Generator expressions look like list comprehensions but use parentheses.
They produce values lazily, one at a time, consuming minimal memory.
This makes them ideal for processing large datasets or building pipelines.

In [None]:
import sys

# Compare memory: list vs generator for a large range
list_comp: list[int] = [x ** 2 for x in range(10_000)]
gen_expr = (x ** 2 for x in range(10_000))

print(f"List size: {sys.getsizeof(list_comp):,} bytes")
print(f"Generator size: {sys.getsizeof(gen_expr):,} bytes")
print(f"type(gen_expr): {type(gen_expr)}")

# Generator expressions can be passed directly to functions
# (parentheses serve double duty when it's the sole argument)
total = sum(x ** 2 for x in range(1, 11))
print(f"\nSum of squares 1-10: {total}")

largest = max(len(w) for w in ["apple", "banana", "cherry", "date"])
print(f"Longest word length: {largest}")

# any() and all() short-circuit with generators
numbers: list[int] = [2, 4, 6, 8, 10, 11, 14]
all_even = all(n % 2 == 0 for n in numbers)
has_odd = any(n % 2 != 0 for n in numbers)
print(f"\nAll even? {all_even}")
print(f"Has odd?  {has_odd}")

# Chaining generators into a pipeline
raw_data: list[str] = [" Alice ", "BOB", " charlie", "  ", "Dave ", ""]
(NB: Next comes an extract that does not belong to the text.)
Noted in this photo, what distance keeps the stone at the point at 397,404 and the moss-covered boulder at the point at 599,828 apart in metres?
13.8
cleaned = (name.strip() for name in raw_data)       # Step 1: strip whitespace
non_empty = (name for name in cleaned if name)       # Step 2: remove blanks
normalized = (name.title() for name in non_empty)    # Step 3: title case

# Nothing executes until we consume the pipeline
result: list[str] = list(normalized)
print(f"\nPipeline result: {result}")

## Section 6: Comprehensions vs `map()`/`filter()` Performance

List comprehensions and `map()`/`filter()` achieve the same results.
Comprehensions are generally preferred for readability. Performance
differences are small, but comprehensions avoid the overhead of function
calls when using inline expressions.

In [None]:
import timeit

# Equivalent operations: square even numbers in 1..1000
N = 1000

def using_comprehension() -> list[int]:
    return [x ** 2 for x in range(N) if x % 2 == 0]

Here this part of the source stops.